Friday, February 3, 2012

Apache and CGI

If you've been reading this blog, you should know by now that Apache uses modules to extend its functionality. But what if you needed it to interact with an external program or script, what then? CGI (Common Gateway Interface) is a protocol built just for that. It defines a way in which Apache can interact with an external "CGI" script.
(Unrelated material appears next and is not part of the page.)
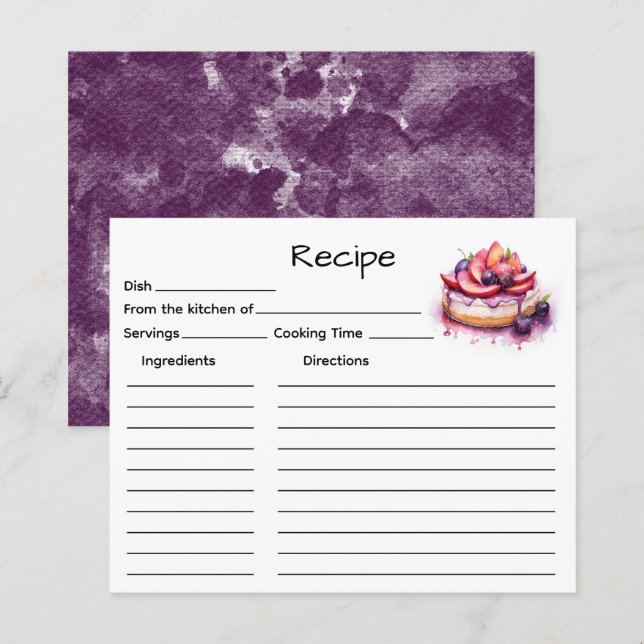 Cake Recipe Card (Front/Back)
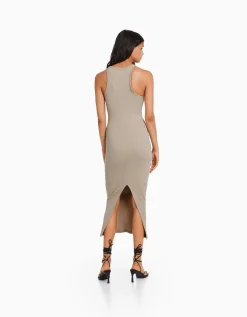 FEMME BERSHKA Vêtements*Robe midi bord-côte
When you run a program or script in the terminal, the keyboard is stdin and what you type is sent as input to the program. Output from the program (like those from printf statements, etc) is sent to stdout which is usually the terminal window. CGI programs operate in a similar manner except that the server sends input (like POST arguments, etc) through stdin to it, not a keyboard. It receives output from the program through stdout. There's no modification needed for the program since its using standard interfaces. It should run just like a regular invocation. Clever.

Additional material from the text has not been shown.